Certo, perchè fare un affermazione ambigua in un paese dove è costume far saltare per aria i giudici ora diventa illegittimo perchè offende d'Alema (e ancora non si parla di quel "ci penso io" a Consorte)!

Dice ancora la Forleo: "Purtroppo il giudice viene lasciato solo anche da tanti suoi colleghi. Dopo aver preso scelte scomode io e altre persone ci siamo ritrovati a non avere i soliti inviti e i contatti consueti con colleghi. Anche oggi qualcuno mi ha telefonato e raccomandato: "Sii prudente". Ora la Forleo lavora negli uffici giudiziari di Milano, che a buon titolo consideriamo d'eccellenza. Il suo j'accuse lascia pensare che le toghe di Milano siano così acquiescenti all'attuale potere politico dei Ds da isolarla per le sue decisioni, addirittura da minacciarla con discrezione.

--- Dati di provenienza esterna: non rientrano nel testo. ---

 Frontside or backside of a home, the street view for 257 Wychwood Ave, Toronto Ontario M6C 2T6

Stanno davvero così le cose, oggi, nell'ufficio che fu di Borrelli, Colombo, Davigo, Di Pietro e che è oggi di Boccassini, Greco, Spataro e di centinaia di altri pubblici ministeri e giudici che, investiti dall'ondata di piena del berlusconismo al governo, hanno conservato il rispetto di se stessi, del proprio regolato lavoro e della Costituzione? Si fa fatica a crederlo. Per crederlo, bisognerebbe documentarlo meglio. Se non si può documentare meglio, converrebbe tacere a meno di non voler correre il rischio di diffondere, senza ragione e ragionevolezza, un ingiusto discredito su un'istituzione dello Stato e sui suoi servitori.

Borrelli, Colombo, Bocassini, Greco e Spataro hanno mai indigato sui Ds? Perchè la Forleo ha, sui suoi dirigenti, idee molto precise.
Se non hai le prove che due persone si sono "sussurrate nelle orecchie qualcosa" è meglio che fingi di non vedere. E non è una minaccia, è un cosiglio. In questo paese è così che si va avanti, e non solo qui.

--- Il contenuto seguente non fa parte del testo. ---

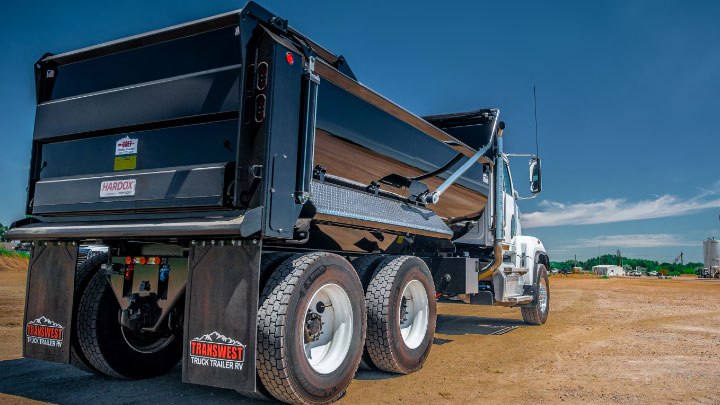 A black dump truck with trailer body made in Hardox® 500 Tuf.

Il peggio, in ogni caso, lo offre Michele Santoro. Organizza una trasmissione che rende incomprensibile la "materia del contendere". Davvero quei ragazzi raccolti da Annozero (e i telespettatori) hanno compreso quali sono le circostanze e "i principi" messi in gioco dal "caso De Magistris"? La ricostruzione, gonfia di emotività, suggestioni, commozioni, li ha come rimossi. Santoro ne propone la chiave concettuale. Dice: non ci interessano le regole, la forma che doveva rispettare De Magistris, non ci interessano i suoi errori anche probabili. Ci interessa "la sostanza", il resto sono "quisquilie".

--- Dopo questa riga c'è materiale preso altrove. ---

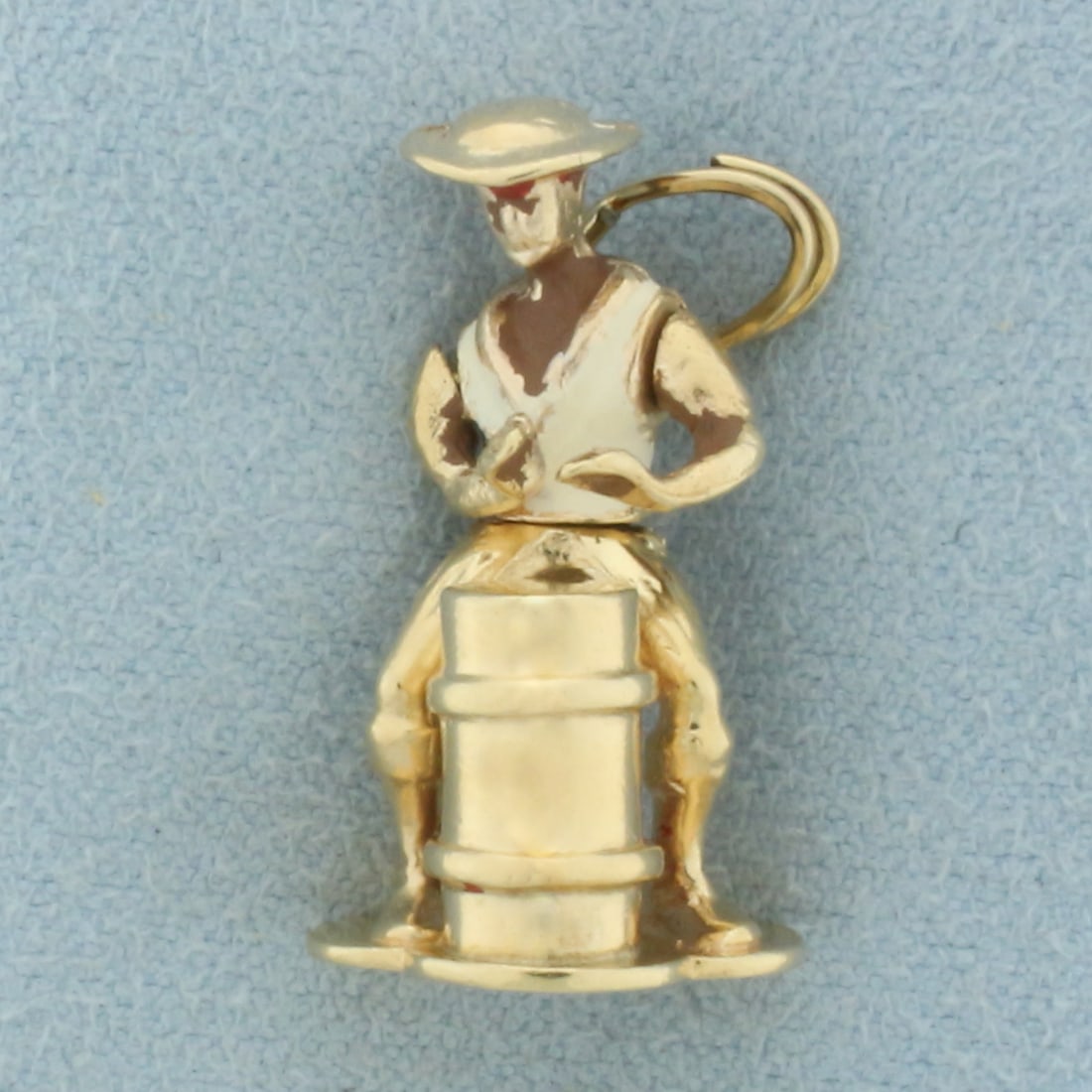 Vintage Mechanical Steel Drummer Charm in 14k Yellow Gold: In 14k yellow gold with enamel detail. Charm rotates at waist to mimic drumming. 1 inch high, 1/2 inch wide. 5.3g.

L'anchorman sembra ignorare (o voler ignorare) quanti orrori possono accadere quando un magistrato arriva al massimo dell'indignazione e, in nome della giustizia, pretende un castigo e, se non lo ottiene, avvia un ciclo di ritorsioni. Sembra non comprendere che un potere che schiaccia un magistrato, e un magistrato che non si cura delle procedure, sono due aspetti della stessa barbarie. Altro che quisquilie, perché se al politico gli si può interdire il voto, al magistrato no. L'unica garanzia che abbiamo è che rispetti le regole perché un potere sostanzialistico e punitivo ha sempre la vocazione a espandersi oltre i limiti definiti dalle norme che lo regolano. Può contagiare il costume giudiziario. Alla fine, valorizza la mano forte e metodi che possono diventare persecutori, di giustizia preventiva.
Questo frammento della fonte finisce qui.